I’m just back from a three-week trip to Melbourne, Australia, where I traveled to visit the family of friends and get a taste of a new city. I’ve visited the city just once before and had a wonderful time, and this trip was fantastic too. It was just delicious to get some relaxation away from all screens and devices and spend my days eating and walking and exploring. There was nothing fantastically exotic that I saw in Melbourne, besides a trip to the zoo; it is a distinctly familiar city to me, because Australian culture has so much in common with American culture. Specifically, the city of Melbourne has so much overlap with the city of Boston.
You can start with the size of the city, which at a few million, is right around Boston’s size. As an American, you’ll also be surprised to see all the usual fast food places you know lining the busy, pedestrian-friendly streets. (KFC, for one, is huge there for some reason, but you don’t get biscuits — you get chips, a.k.a. American fries). The Australian accent even shares some commanalities with a Boston accent, with its broad a’s and dropped r’s. You’d “pahk your cah” in both Boston and Melbourne. More than that, though, there’s a kind of cultural vibe that Boston and Melbourne just might share; a friendliness, business, and hopping intellectual life that I saw evidence of. We’re both small, but we act cosmopolitan.
Australia and the United States should get along pretty well, because they’re both the slightly coarser, bumpkin cousins of Great Britain, though Australia holds its ties to Britain much closer. Most of the television is British, as is the interest in British celebrities. Some people I hung out with knew all the details of the royal family, for example, whereas I think most Americans don’t know more than the queen and her direct descendants. Australia maintains a close cultural handshake with Great Britain, whereas a lot of America is disdainful or uneasy of any connection to England.
There were perhaps only two major differences I saw in my brief tourist’s view of this lovely city; the first was the proliferation of Asian culture and cuisine, and the second was something more intangible. Because of its proximity to Asia, Australia has benefitted from the things that Asian immigrants have brought with them. Just as Mexican food is accessible and known everywhere in America, Vietnamese, Thai, and Malaysian food is cheap, ubiquitous, and delicious in Melbourne. You can get fast food or street food from most countries of Asia on every street corner.
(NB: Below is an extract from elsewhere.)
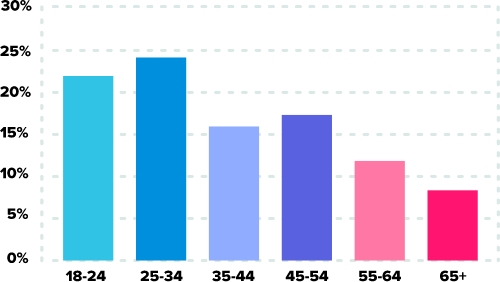 friendfinder x dating site stats and infographics age demogrphics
The second difference might be the most fundamental shift from American to Australian life. From the little I’ve seen, and from what I’ve heard when I questioned Aussies, it seems that Aussies are far more laid-back than Americans. There’s a certain calm, friendly laisse-faire attitude that fills every part of life. Americans are certainly casual about some things, but we are very heated and violently polarized about others. Politics are deadly serious and can divide the nation sharply. The whole time I was in Australia, the people I saw didn’t get too fussed about anything, even when they didn’t approve of the government’s latest doings. It’s a great place to spend a vacation for that reason — it’s just hard to rile the typical Aussie character.
The mirror image of Boston was presented to me in other ways, too — I happened to be there right in the middle of a record-breaking heat wave. I was watching matches of the Australian Open on a 112-degree day. I’d never felt such extreme heat; it was hard to breathe, and impossible to keep my clothes from getting soaked in sweat. This was at pretty much the same time that Boston was struggling through record-breaking lows in the temperature. Go figure.
There were a few moments of startling discrimination that came from some drunk train passengers, but you can find that kind of attitude in America as well. Again, the attitudes of Americans and Australians seem closely intertwined. It’s funny to think of a brother city, a parallel Boston, or a parallel Melbourne, almost exactly around the world.